▶ _GOAL OF THE EXERCISE_
Leave the pictures out, and transcribe the material below exactly from the line with "محافظ أسيوط يؤكد" to the line with "No Girl Died – Delta Police", both lines included.

▶ _DATA LISTING_

----

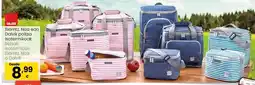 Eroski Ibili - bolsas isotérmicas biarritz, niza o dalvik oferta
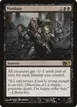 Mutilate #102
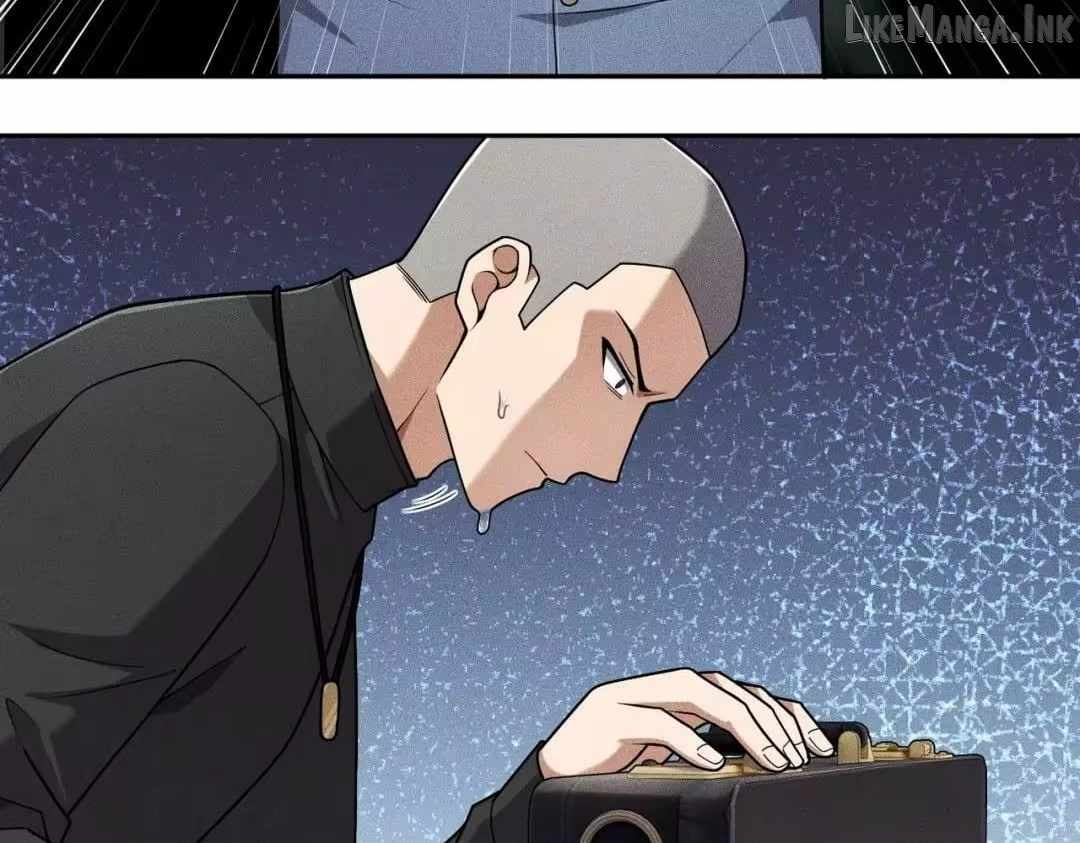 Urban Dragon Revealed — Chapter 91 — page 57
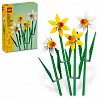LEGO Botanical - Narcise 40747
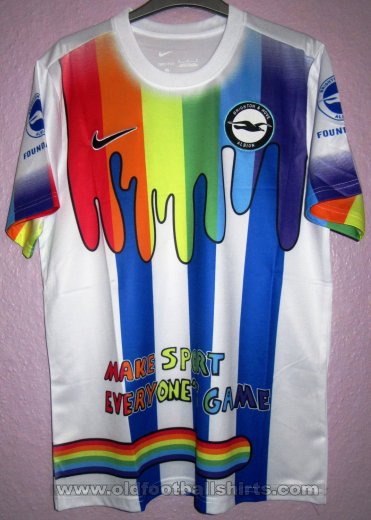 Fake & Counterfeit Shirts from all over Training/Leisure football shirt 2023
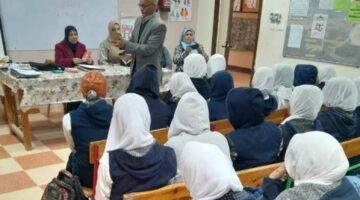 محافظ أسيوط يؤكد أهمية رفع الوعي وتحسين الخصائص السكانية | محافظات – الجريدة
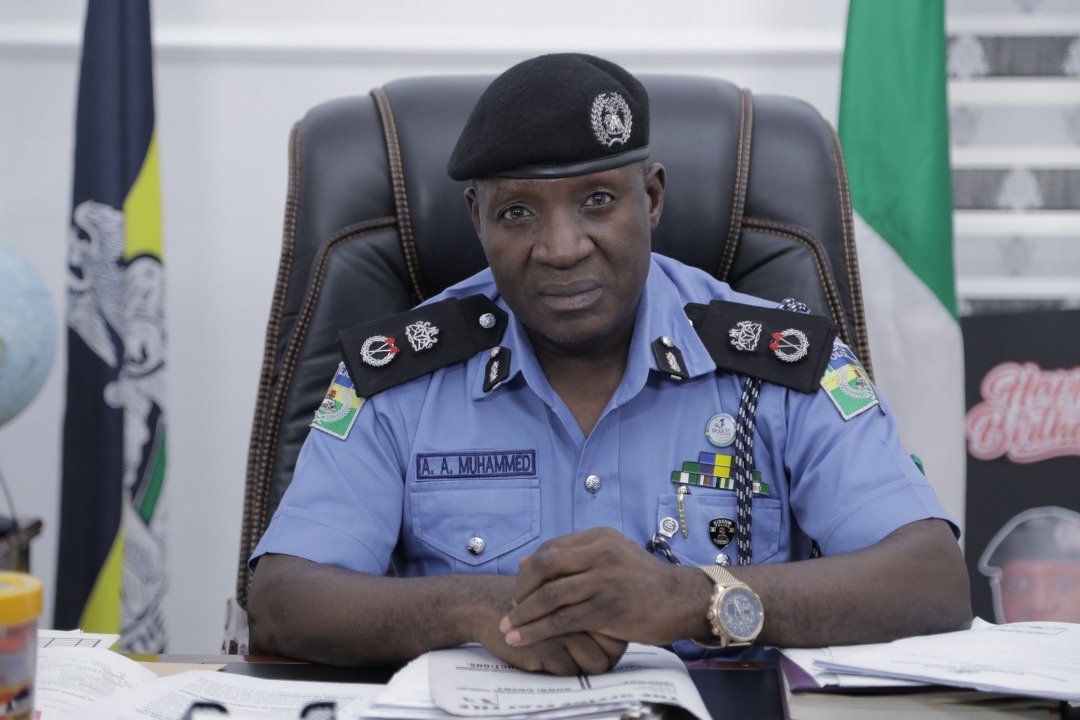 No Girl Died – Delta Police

----

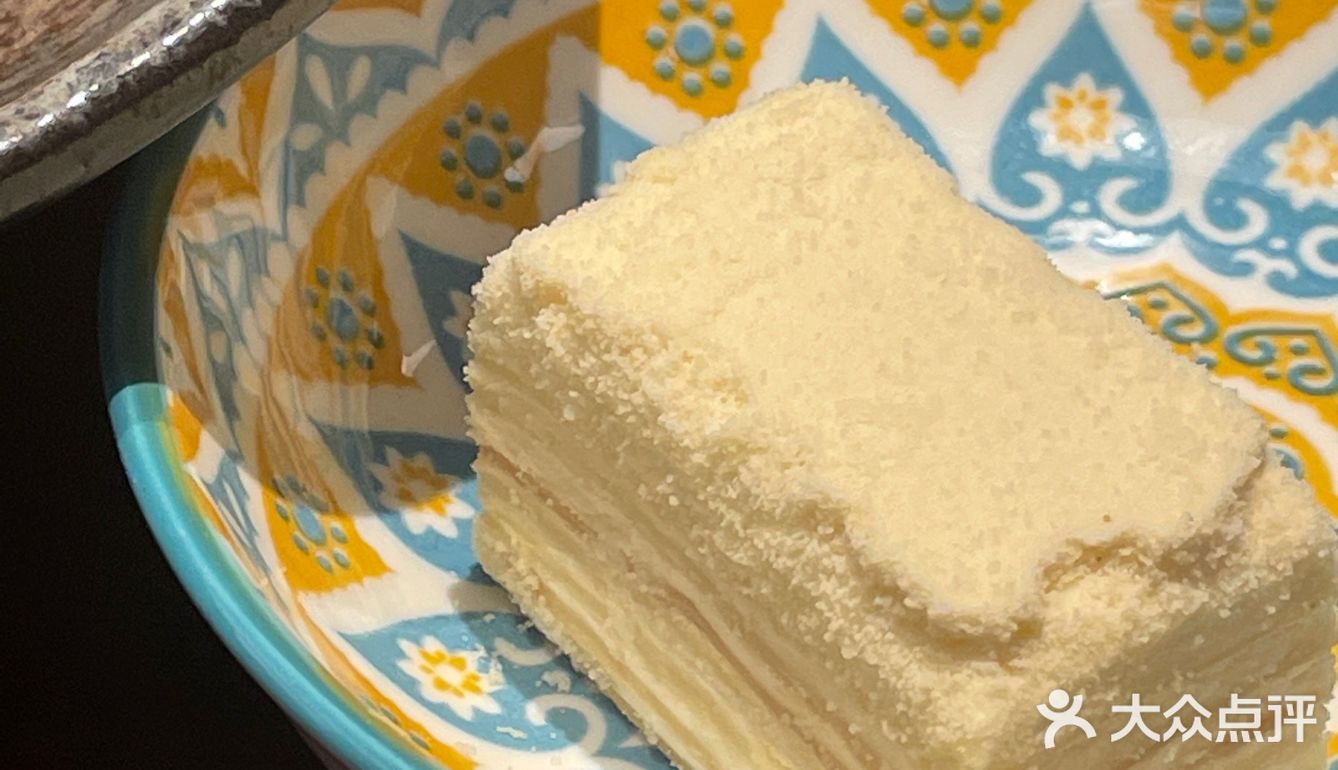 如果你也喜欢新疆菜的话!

----

▶ _RESULT BELOW_
 محافظ أسيوط يؤكد أهمية رفع الوعي وتحسين الخصائص السكانية | محافظات – الجريدة
 No Girl Died – Delta Police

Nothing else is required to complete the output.